Dataset section START
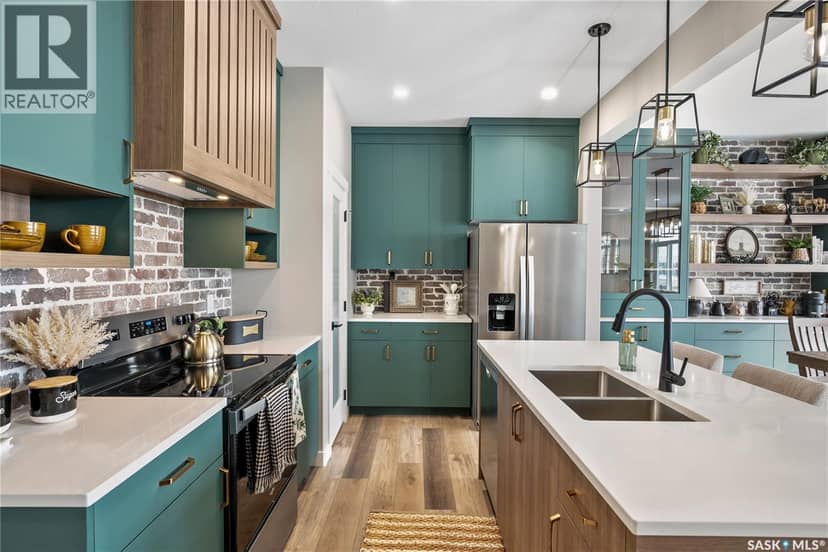 423 Yuel CRESCENT — photo 10 of 40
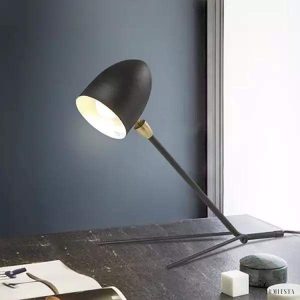 Lampa stołowa tripod czarna z metalową ramą i abażurem o gładkim wykończeniu
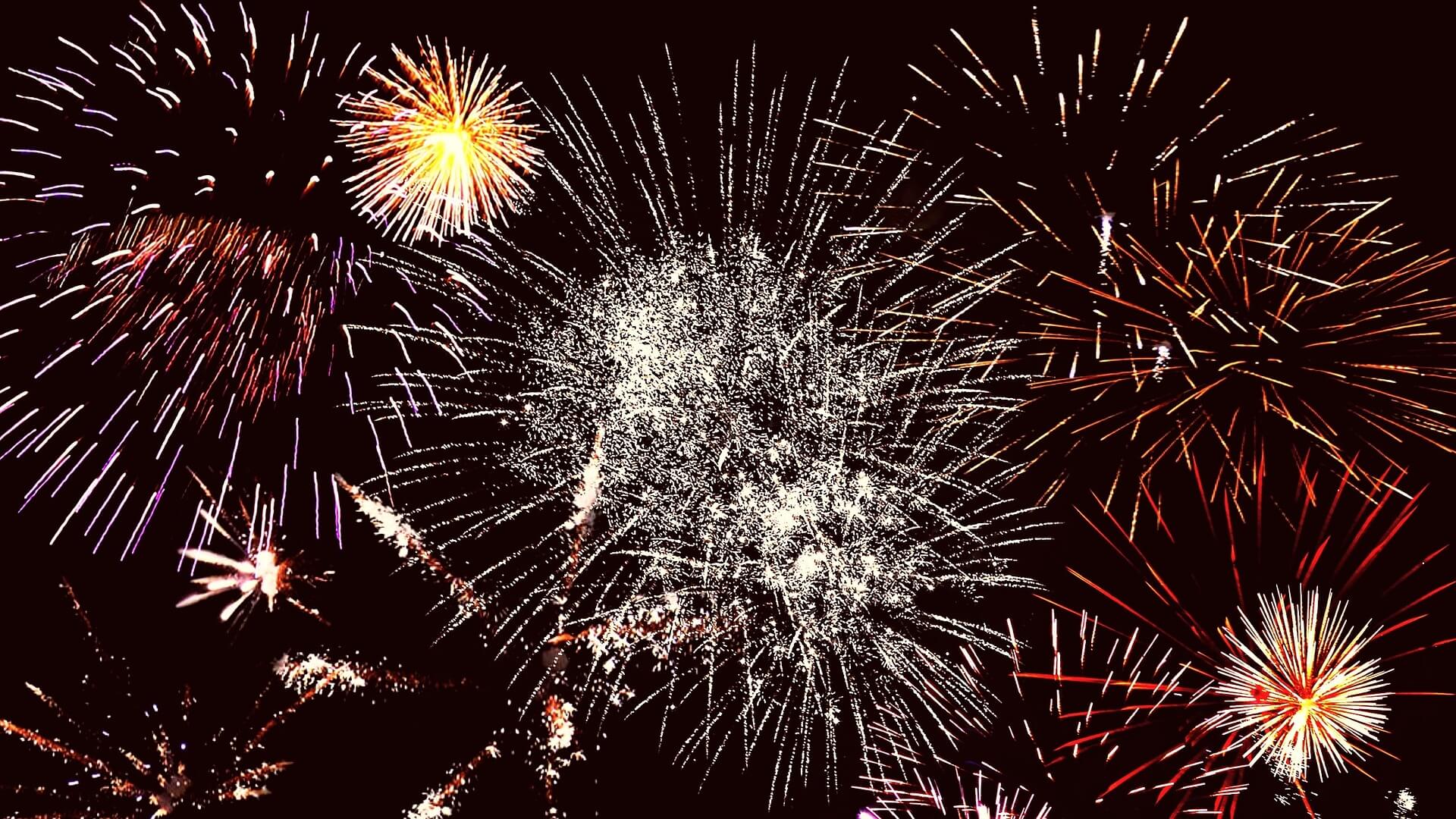 Fireworks by Lumpi pixabay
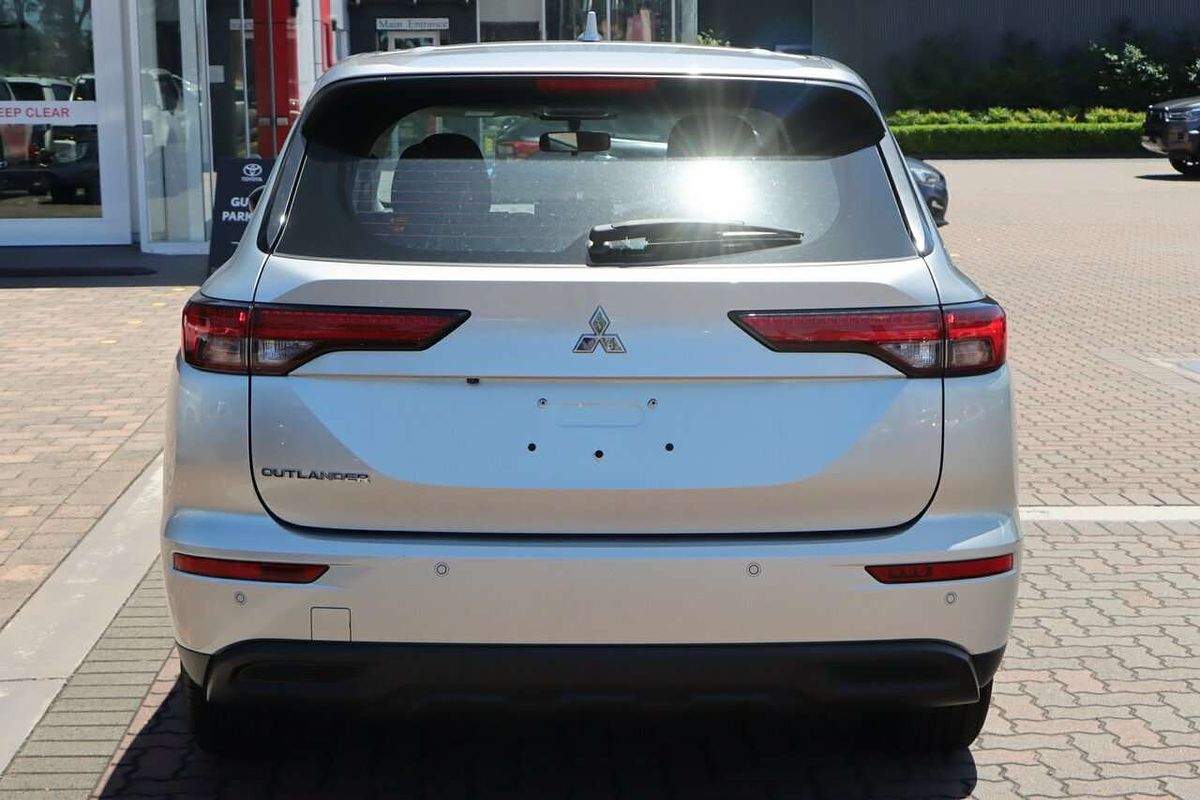 2023 Mitsubishi Outlander ES ZM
Dataset section END
◆ Problem to solve ◆
Please copy the data above exactly, omitting the pictures.

◆ Task response ◆
 423 Yuel CRESCENT — photo 10 of 40
 Lampa stołowa tripod czarna z metalową ramą i abażurem o gładkim wykończeniu
 Fireworks by Lumpi pixabay
 2023 Mitsubishi Outlander ES ZM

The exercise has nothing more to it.